One-dimensional wave packets

One-dimensional wave packets representing free particles
Let us first concentrate on one-dimensional systems.
Ψ(x,t) = (2π)^-1/2∫g(k) exp(i(kx - ω_kt)) dk is a superposition of plane waves traveling in the ±x direction. At some instance of time, say t = 0,
Ψ(x,0) = (2π)^-1/2∫g(k) exp(ikx) dk and g(k) = (2π)^-1/2∫Ψ(x,0) exp(-ikx) dx.
g(k) is the Fourier transform of Ψ(x,0).

Problem:

Consider a free particle which is described at t = 0 by the normalized Gaussian wave function ψ(x,0) = Nexp(ik₀x)exp(-ax²).
(a) Normalize the wave function.
(b) Find the probability density |ψ(x,0)|² of the particle.
(c) Find its Fourier transform Φ(k,0) of the wave function and the probability density
|Φ(k,0)|² in k-space.

Solution:

Concepts:
The Fourier transform
Reasoning:
We are asked to find the Fourier transform of a wave packet.
Details of the calculation:
(a) N²∫_-∞^+∞ exp(-2ax²) dx = N² √(π/2a) = 1
ψ(x,0) = (2a/π)^1/4exp(ik₀x)exp(-ax²).
(b) |ψ(x,0)|² = (2a/π)^1/2exp(-2ax²).
(c) ψ(x,0) = (2π)^-1/2∫_-∞^+∞ Φ(k,0) exp(ikx) dk.
Φ(k,0) = (2π)^-1/2∫_-∞^+∞ ψ(x,0) exp(-ikx) dx
= (a/(2π²))^1/4∫_-∞^+∞ exp(-ax²) exp(-i(k-k₀)x) dx.
ax² + i(k-k₀)x = ax² + i(k-k₀)x - (k-k₀)²/(4a) + (k-k₀)²/(4a)
= (a^1/2x + i(k-k₀)/(2a^½2 + (k-k₀)²/(4a). (completing the square)
Φ(k,0) = (a/(2π²))^1/4exp(-(k-k₀)²/(4a))∫_-∞^+∞ exp(-(ax² + i(k-k₀)x - (k-k₀)²/(4a))dx
= (a/(2π²))^1/4exp(-(k-k₀)²/(4a))∫_-∞^+∞ exp(-(a^1/2x + i(k-k₀)/(2a^½2) dx
= (a/(2π²))^1/4exp(-(k-k₀)²/(4a))∫_-∞^+∞ exp(-x'²) dx'
= (a2π)^-1/4exp(-(k-k₀)²/(4a)).
|Φ(k,0)|² = (a2π)^-1/2exp(-(k-k₀)²/(2a)) is the probability density in k-space.
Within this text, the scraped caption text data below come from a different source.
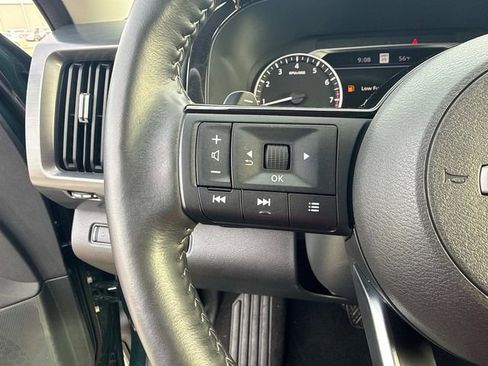 Used 2025 Nissan Pathfinder SL image 29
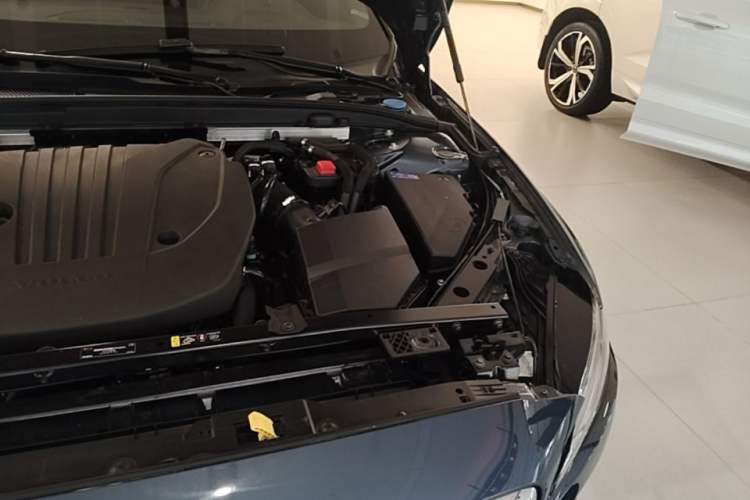 Used Volvo V60 2023 B5 Zhiyuan Luxury Enjoyment Edition Engine Bay Left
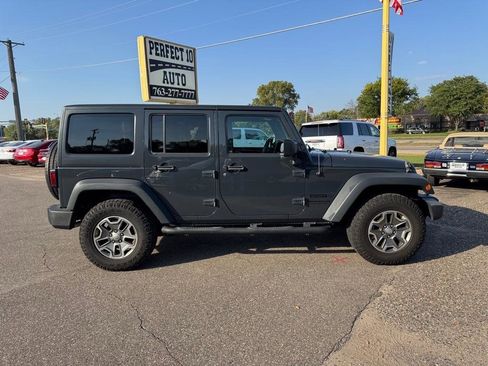 Used 2016 Jeep Wrangler Unlimited Sport w/ Quick Order Package 24S AWD/4WD image 3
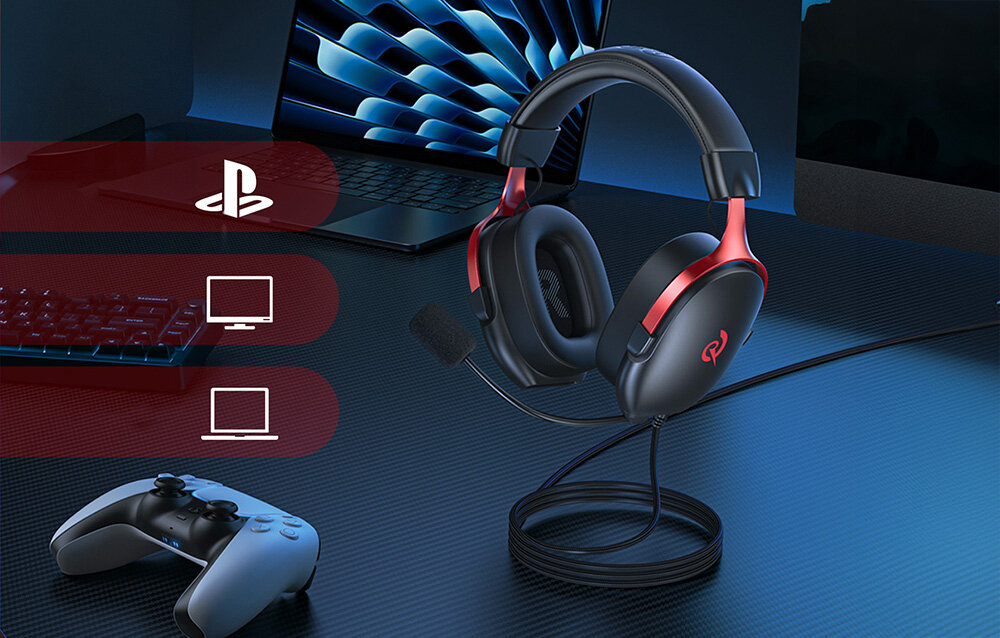 Na obrazie widoczne są czarno-czerwone słuchawki z mikrofonem, umieszczone na biurku obok kontrolera do gier i laptopa. Po lewej stronie znajdują się ikony: PlayStation, monitor i laptop.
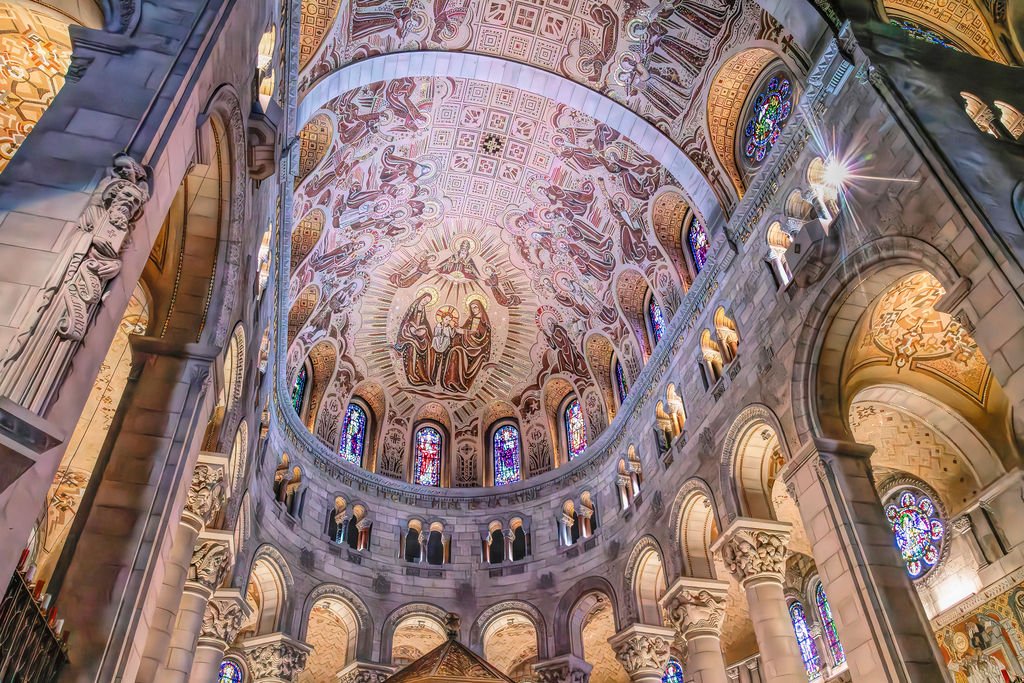 BASILICA OF SAINTE ANNE DE BEAUPRE QUEBEC, CANADA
Now consider a wave packet  Ψ(x,0) = (2π)^-1/2∫g(k) exp(ikx) dk, and assume |g(k)| is centered at k₀ where it reaches a maximum and has a width Δk.
Assume Δk << k₀. Assume g(k) = |g(k)|exp(iα(k)). Such a wave packet represents a particle with fairly well defined momentum p (Δp << p).
In the neighborhood of k = k₀ we may expand α(k) in a Taylor series expansion,
α(k) = α(k⁰) + dα(k)/dk|_k0 (k - k₀) + ... .
We are only interested in α(k) in a small range of k about k₀. Keeping only zeroth and first order terms we may write
Ψ(x,0) = (2π)^-1/2∫|g(k)| exp(iα(k₀)) exp(i(k - k₀) dα(k)/dk|_k0) exp(ikx) dk,
and setting x₀ = -dα(k)/dk|_k0 this becomes
Ψ(x,0) = (2π)^-1/2exp(i(k₀x + α(k₀)) ∫|g(k)| exp(i(k - k₀)(x - x₀)) dk.
Here |g(k)| is nonzero only in a small interval about k₀. Therefore we need to integrate only over this small interval of width ~Δk. In the integral |k - k₀| ≤ Δk.
If we write exp(i(k - k₀)(x - x₀)) = exp(i2π(k - k₀)/τ) with τ = 2π/(x - x₀) we find that for |τ| << Δk or |x - x₀| >> Δk^-1 the function exp(i(k - k₀)(x - x₀)) oscillates very rapidly in the integration interval and the integral yields approximately zero.
For x - x₀--> 0 |τ| --> ∞ and the function exp(i2π(k-k₀)/τ) --> 1 in the integration interval. Then the integral yields its maximum value. We therefore have
Ψ(x,0) ≈ 0 for |x - x₀| >> Δk^-1,   Ψ(x,0) ≈ Ψ_max for x = x₀.
x₀ = -dα(k)/dk|_k0 is the position of the center of the wave packet.
As |x - x₀| increases |Ψ(x,0)| decreases. We expect the width of the wave packet Δx in coordinate space to be ~Δx = Δk^-1. Then Δx Δk ~ 1. This is the classical relation for two functions which are Fourier transforms of each other. The product Δx Δk has a lower bound. The exact value of this bound depends on the precise definition of Δx and Δk.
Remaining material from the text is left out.